Empathy: You + Me = We
The ability to understand and share the feelings of another.
Simply put, empathy is the ability to see the world through someone else's eyes. People with well-developed empathy can understand other people's perspectives, be mindful of others and treat people with compassion, fairness, and respect even if they differ in opinion, life experience, ethnicity, lifestyle, or religion.
Empathy is a key piece to emotional intelligence, leadership, and a foundational piece to the Pillars of Resiliency. This emotional competency allows you to "read" people (did you know that 56% of "what we say" to others is in our body language alone?)

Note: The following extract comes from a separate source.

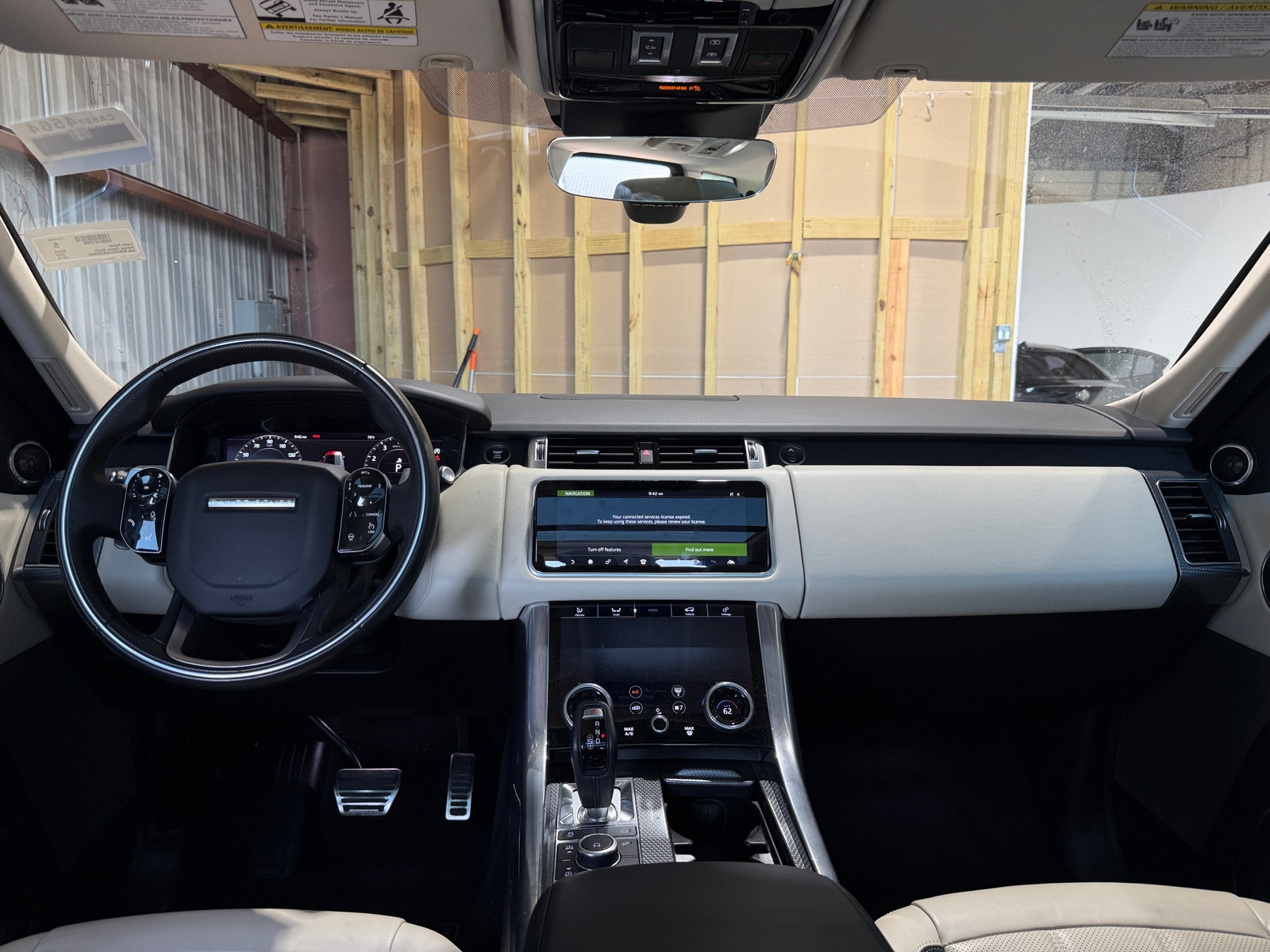 Thumbnail: 2019 Land Rover Range Rover Sport - 2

There is a lot of literature speaking to the neurological response to/of empathy and how it impacts us. This is likely the reason why many people stay away from social media or the news; it becomes painful for us to watch people suffering or losing more. For example, a great many people were moved in the 1980s when world famine was peaking and children were dying - organizations like UNICEF and World Vision used multi-faceted approaches to bring people along the journey of a starving child, showing them whittled down to the bone with their little ribs poking out and flies surrounding them or landing on them as they waded through dirty water or ate meager handfuls of food. These visions evoke us to think and ultimately behave differently. It can be traced back to our right supramarginal gyrus. This area of the brain is a part of the cerebral cortex and is approximately located at the junction of the parietal, temporal and frontal lobe. When this part of our brain doesn't function optimally or when we're rushed to make decisions, researchers have found that the ability to be empathetic is drastically reduced.
I believe we can teach and learn empathy, and I don't believe we have to like or agree with someone to be empathetic. We only need to be able to put ourselves in their shoes and see how it would feel to live the experiences they do. Our world is mired in politics and difficulty as a result of a lack of empathy in the moments we're living now:
To mask or not to mask.
To send our children to school or online school.

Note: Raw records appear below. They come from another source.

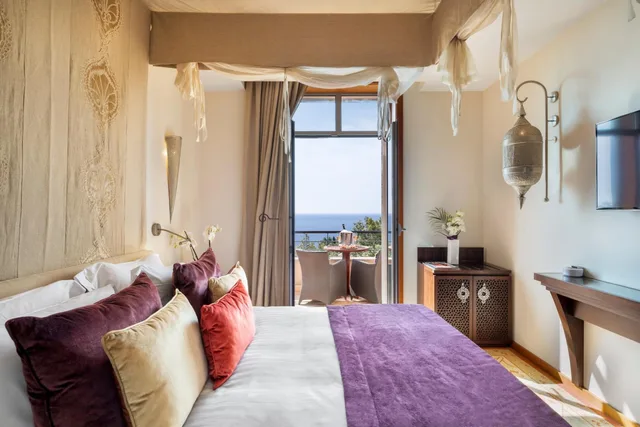 غرفة قياسية بسرير كوين بشرفة بإطلالة جزئية على البحر، Miramar Beach Hotel 3/8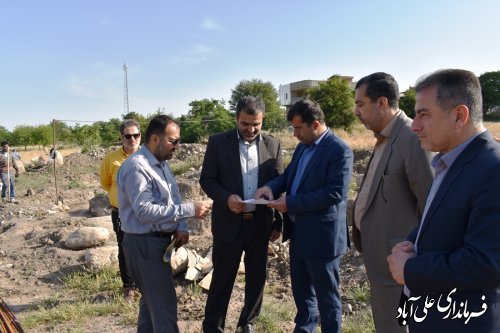 بازدید فرماندار از روند اجرای نهضت ملی مسکن در علی آبادکتول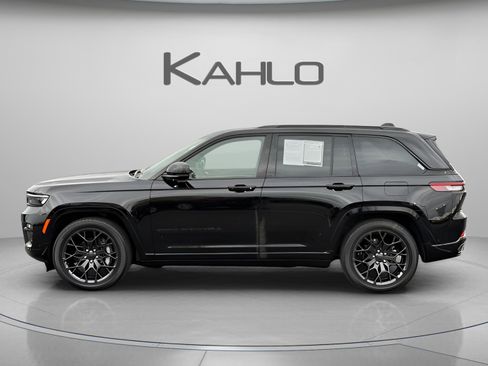 Certified 2025 Jeep Grand Cherokee Summit w/ Adv Protech Group IV AWD/4WD image 2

The colour of our skin and the perception society has of us as a result.
The area of the world or country in which we were raised.
Not only are these hot topics right now, but these are also the types of things that impact our ability to be empathetic or to receive empathy from others. In addition to that, we must also consider someone's upbringing and family heritage, as well as their neurology and overall mental health.

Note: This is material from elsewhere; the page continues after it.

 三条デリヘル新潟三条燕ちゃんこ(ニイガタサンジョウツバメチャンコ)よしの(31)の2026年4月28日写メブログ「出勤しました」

I was raised to be a very empathetic person and early on in my career was often finding myself in a space of being over empathetic, where someone's problems became my own in my desire to serve and help them be better, do better. That's not empathy - that's removing accountability from someone to do the hard work of self-improvement. This is a fine line, and this is something that can take years to master.
Some key tips to being more empathetic that I often share with leaders include:
Be present - shut the inbox; put the phone down.
When you ask someone how they're doing, make it genuine, and pay attention to their answer and body language.
Listen to understand not to respond.
Ask open-ended questions.
Manage your own emotions and expectations of yourself and the other party (or parties)
Suspend judgement and don't take things personally; if it's not about you, don't let it become about you. If it is about you, remain open to hearing what's going on for that individual and try to understand why they feel the way they do.
Empathy is part of our Platinum Level Leadership model, we embedded into all of our change programs; it's something we practice every day with one another and with our clients. The objective is always to be able to understand so that as we define a change, we can bring people along the journey of change with us, recognizing that each person is unique in their skills, talents, and background.